CITY CAR: The Kobot concept vehicle from Kowa-TMSUK is an idea for an electric vehicle that could ease congestion in a city centre or be used in environmentally sensitive tourist areas. The compact 1-seater ehicle can actually fold up for parking. The idea would be to have fleets of the vehicles available for hire at mass parking lots on the periphery of the city. Or just own your own. Gizmag.
CABLE STRETCHES: As we humans move our skin and muscles stretch and contract to fit. Robots also need to stretch as they move, but the power cables they rely on are a fixed length. Roboden from Asahi Kasei Fibers is an elastic electrical cable that solves that problem as it stretches and contracts as needed. The technology is also available for USB and signal cables. Next: robot yoga. DigInfo News. Video here.
MODEL PHOTOS: Once upon a time a photo used to be able to prove
something. Now images are so easily altered we can't trust any of them. Computer scientists at Dartmouth College in the USA have created software that can indicate just how different an altered image is from an original. The software ignores global changes such as cropping, but instead can show that a person's body shape has been altered, for
example making a fashion model look slimmer. Perhaps it would be easier to just mark images that haven't been altered. Scientific American.
3D BONES: Researchers from Washington State University successfully used a 3D printer to create scaffolding for bone regrowth. A bone-like
material is printed and then new real bone grows around it. Eventually the printed scaffold dissolves away, leaving the actual bone in place. Before long doctors should be able to use this technique to help repair human bones. Printing human body parts seems to be a growth area. WSU has more, and there's video: here.
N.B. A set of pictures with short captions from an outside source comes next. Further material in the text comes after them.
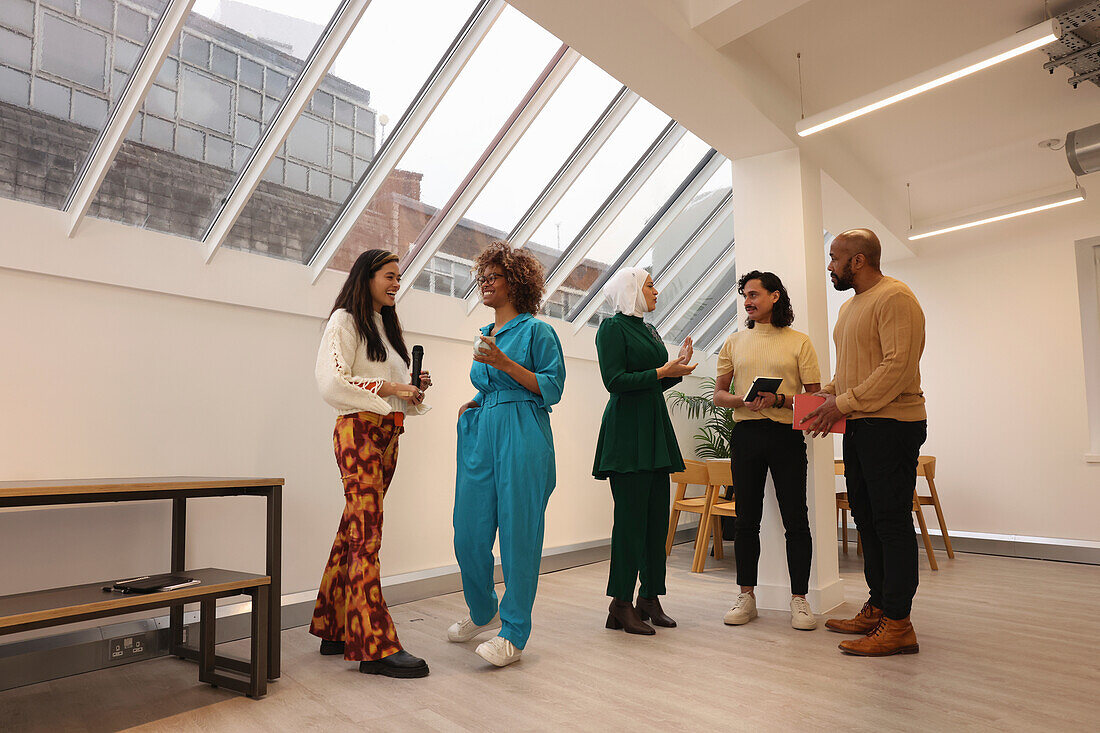 Smiling creative workers talking in office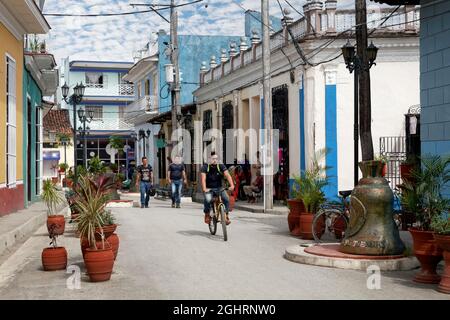 Street Scene, Caribbean, People, Cubans, Cyclists and Church Bells in the Street of the Bell, Calle Honorato, Old Town, Sancti Spiritus, Central Stock Photo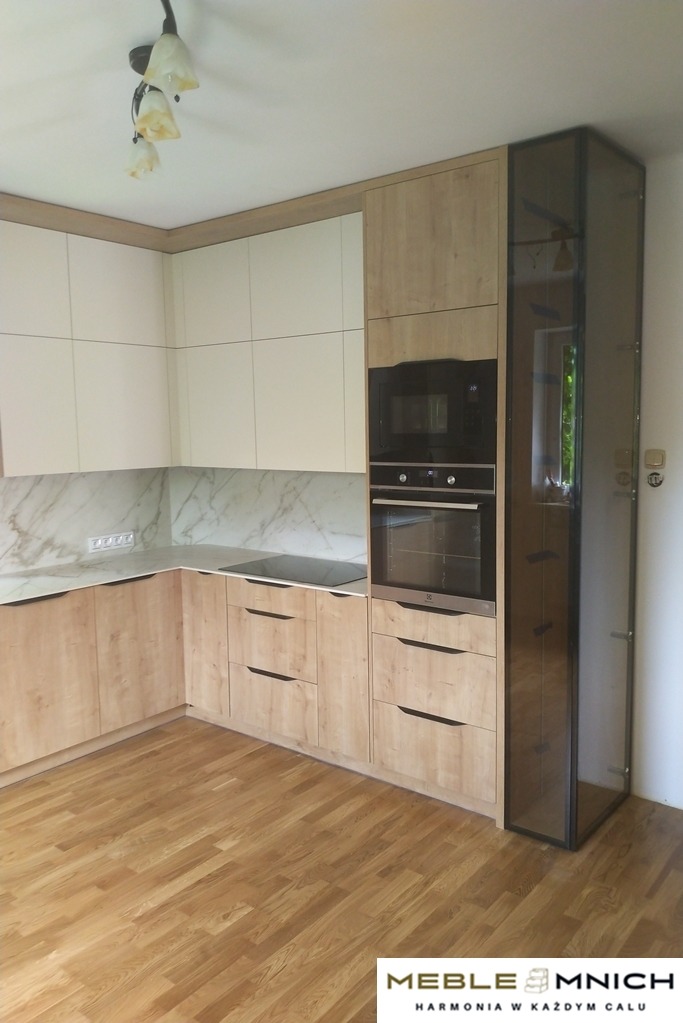 Jasna kuchnia na wymiar z drewnianymi frontami i marmurowym blatem. Zabudowa piekarnika i mikrofalówki, przeszklona szafka narożna.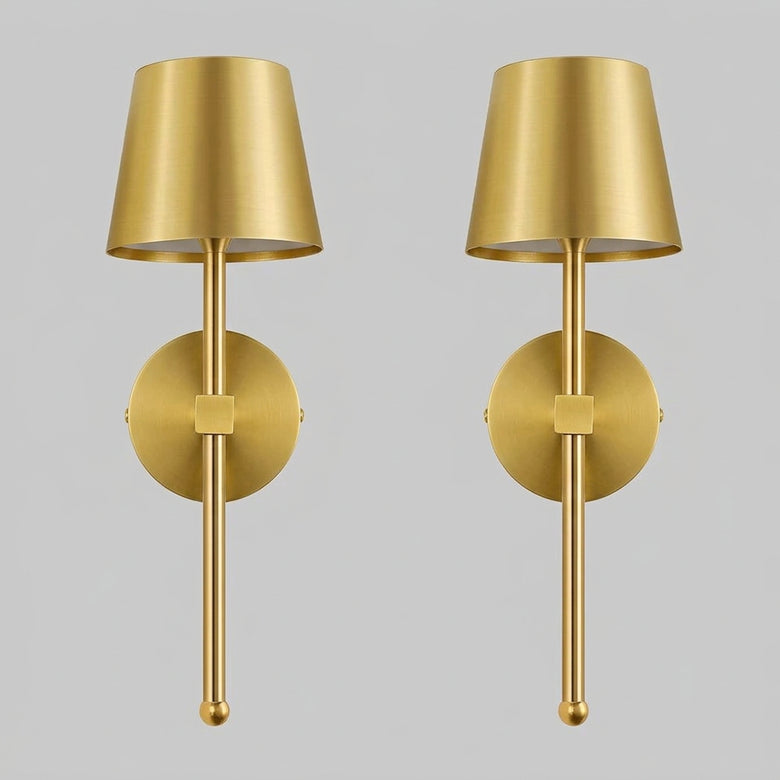 Hero Two gold wall sconces on a grey background.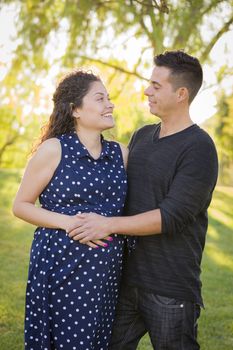 Happy Hispanic Man With His Pregnant Wife Outdoors At The Park.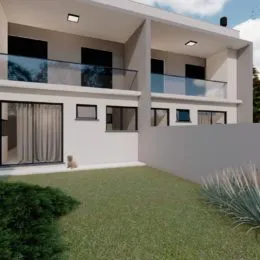 Fachada de uma casa moderna com gramado verde no primeiro plano em Lajeado.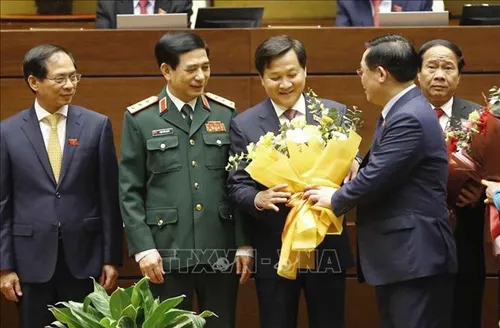 NA Chairman Vuong Dinh Hue presents flowers to newly-appointed Deputy PM Le Minh Khai (2nd from right).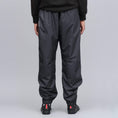 Load image into Gallery viewer, Nike SB Shield Swoosh Skate Tracksuit Pant Black / White / White
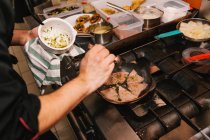 Vista ad alto angolo di chef aggiungendo ingredienti sulla padella a stufa — Foto stock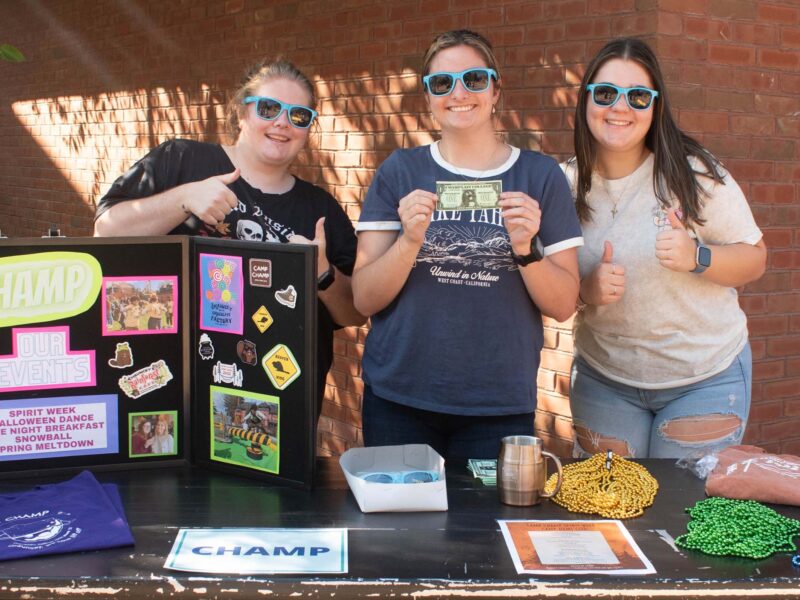CHAMP students with a poster describing their club holding chauncey bucks during the activity fair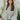 Frontal view of the More Than Words Top that features an ivory colored material, a yellow and green plaid pattern, a round neck, a long sleeve, a babydoll silhouette, an adjustable tie cinched front, and a flowy fit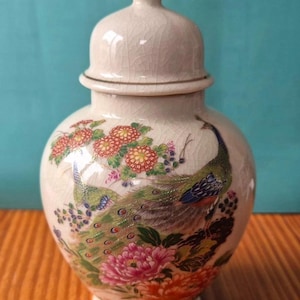 Peut inclure: Pot en céramique crème avec couvercle, orné d'un motif de paon. Le pot a un corps rond et un couvercle avec un bouton doré. Le paon est représenté avec des plumes vertes, bleues et dorées, entouré de fleurs.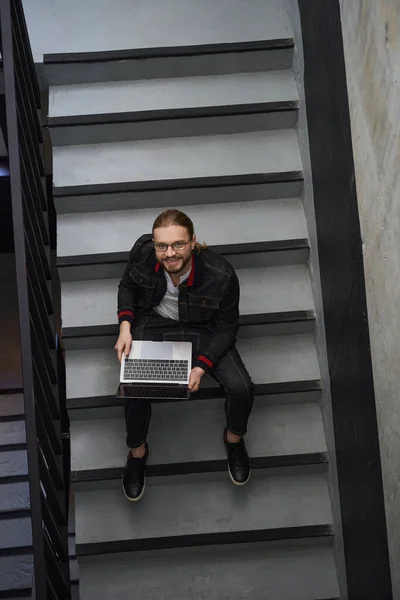 Вид Сверху Мужчину Фрилансера Ноутбука Который Смотрит Камеру Сидя Лестнице — стоковое фото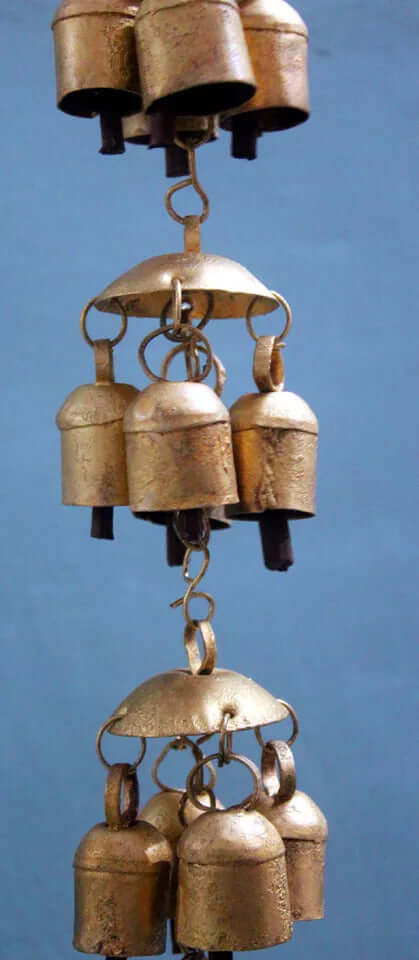 Antique gold wind chime featuring 13 rustic recycled iron bells, perfect for indoor and outdoor décor.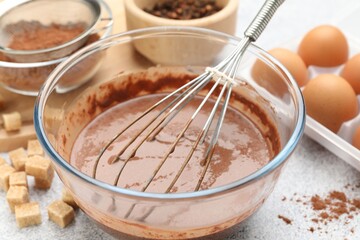 Chocolate dough with whisk in bowl and ingredients on grey textured table, closeup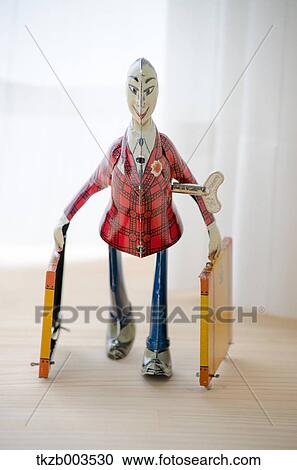 Tin toy by the window View Large Photo Image Stock Image - Tin toy by the window. Fotosearch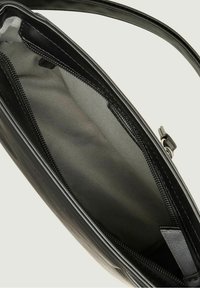 Interno di una borsa in pelle nera con una texture liscia, dotato di una tasca con zip e di un ampio scomparto principale. Design del manico resistente.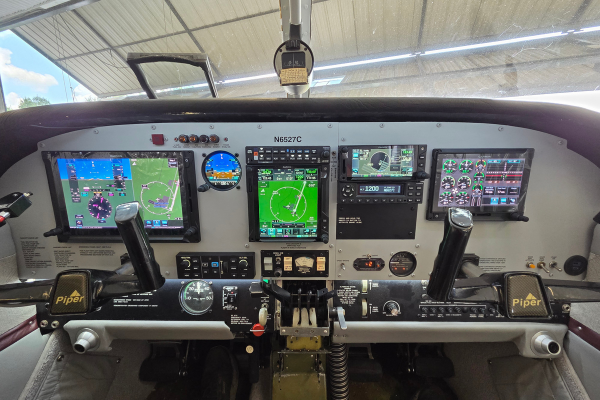 Cockpit with multiple digital flight displays, control yokes, and instrument panels inside a small aircraft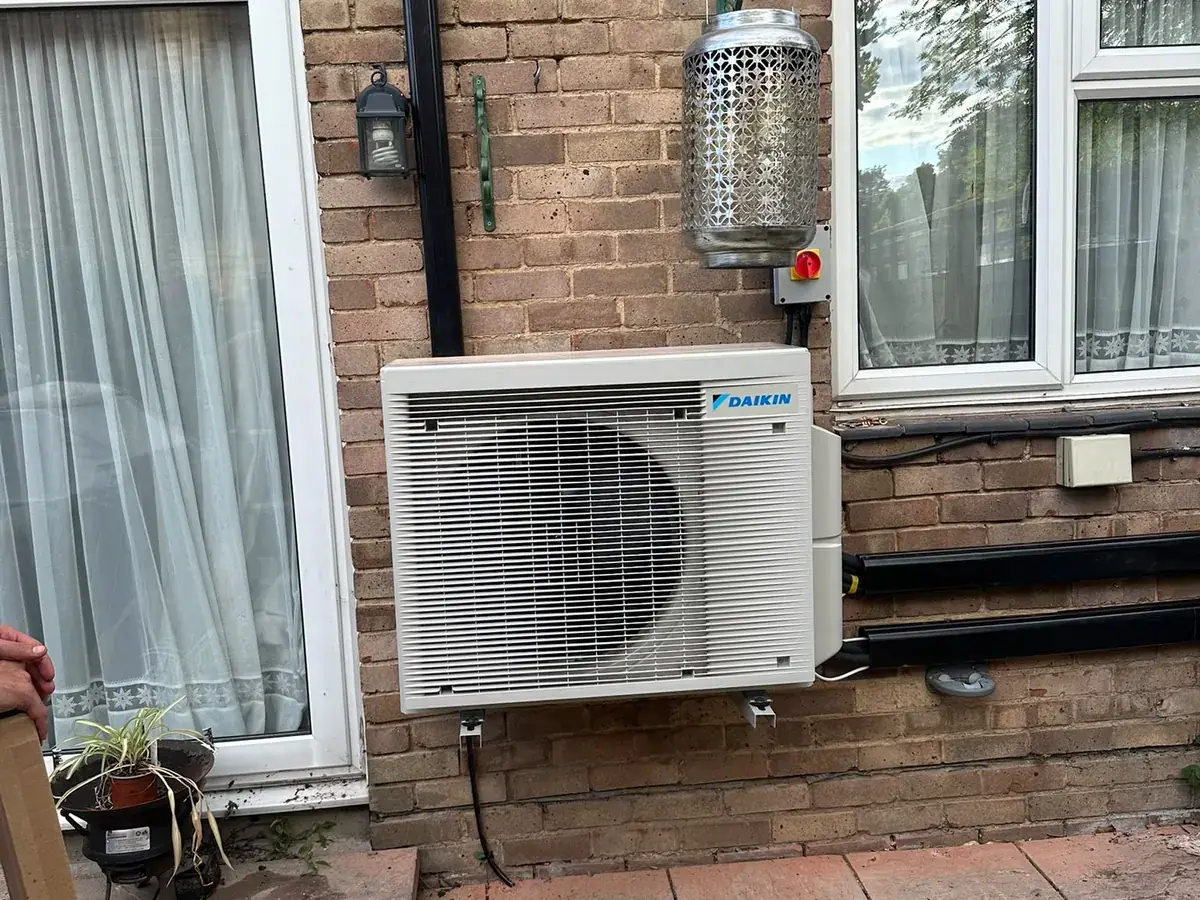 Daikin outdoor unit on a brick wall between a patio door and a window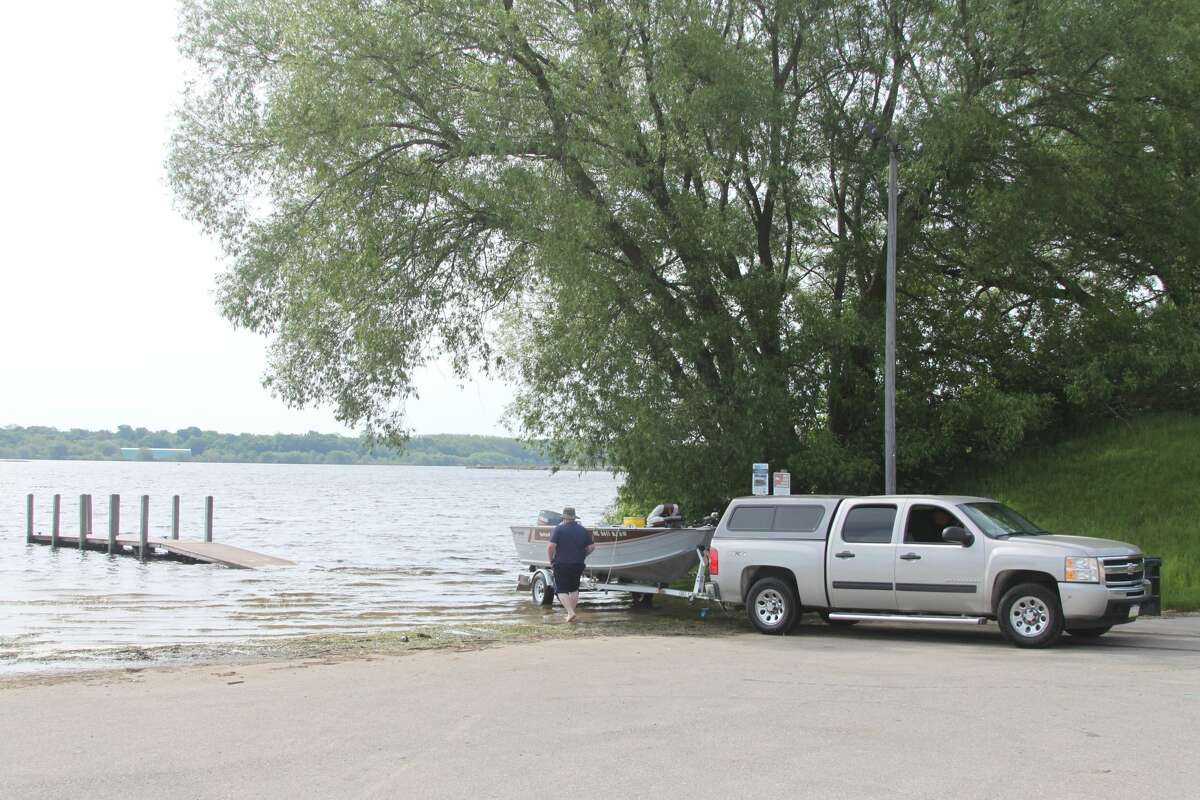 PHOTOS: Manistee Lake docks underwater, rain on the way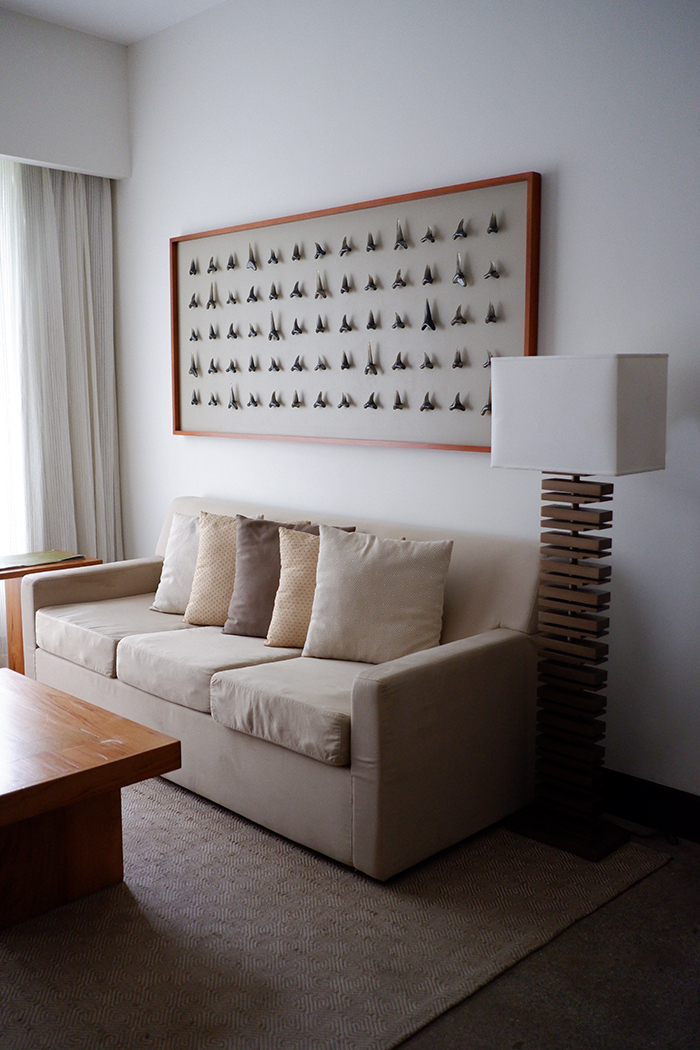 Sleep among the mangrove trees at El Mangroove Hotel, Habitat Superior suite couch with local wall art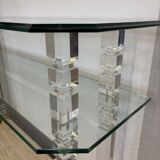 Hollywood Regency console style in travertine, glass, and Lucite.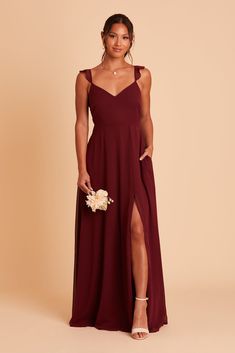 Fall for this airy chiffon bridesmaid dress in Cabernet complete with a bow in the back and flutter cap sleeves. Float down the aisle in this airy bridesmaid dress with flutter-y chiffon sleeves, all wrapped up with a delicate bow in the back. | Cabernet Bridesmaid Dress Chiffon Size 1X | Birdy Grey Doris Cabernet Bridesmaid Dresses, Scoop Neck Bridesmaid Dress, Bridal Party Colors, Flattering Bridesmaid Dresses, Bridesmaid Dress Chiffon, Bridesmaid Dresses Under 100, Party Colors, Birdy Grey, Burgundy Bridesmaid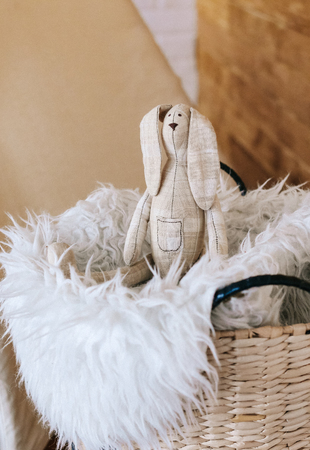 bunny soft handmade toy in the interior of the room basket with fur whiteの写真素材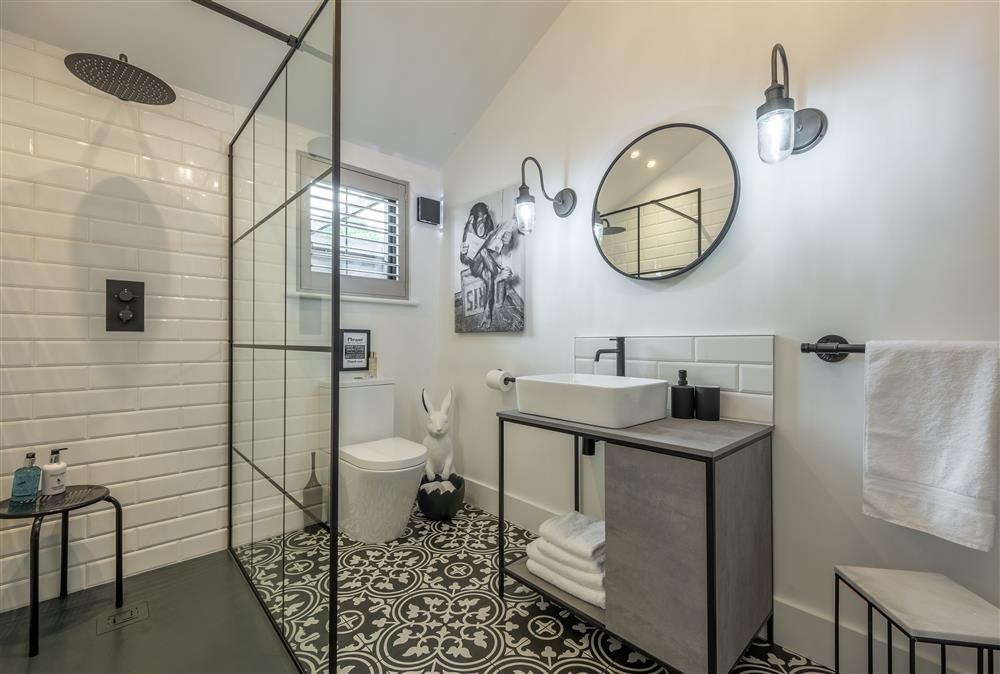 Large, walk-in shower in en-suite bathroom to bedroom one at The Haybarn, Surrey Hills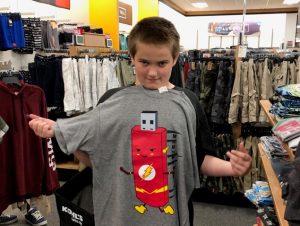 CC OSB 635x478 Boy showing off his new shirt at Operation School Bell event.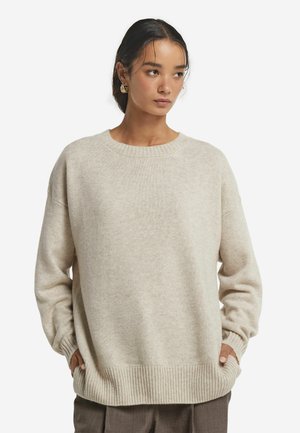 Beżowy, oversize sweter dzianinowy z okrągłym dekoltem, ściągaczami przy mankietach i u dołu. Miękka tekstura i warstwowy design. Nosi się go na ciemnych spodniach.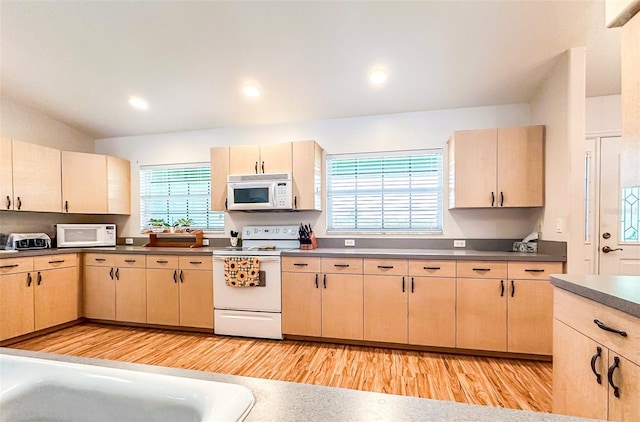 kitchen with white appliances, dark countertops, light brown cabinetry, light wood-type flooring, and recessed lighting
MEDICAL SMARTPHONE: The capacitive touchscreen on a smartphone is pretty sensitive. Scientists at the Korea Advanced Institute for
Science and Technology hope to use that sensitivity to analyse substances, for example, for medical purposes. For testing they used solutions of DNA from the bacteria that causes chlamydia. The screens were sensitive enough to detect differing levels of capacitance among the various solutions. In the real world there will need to be a way
to protect the screens, so the scientists are also developing a film for the screen that biological samples could be attached to. Imagine being able to do a quick and cheap analysis in countries where larger more expensive technology is very restricted or far away. New Scientist.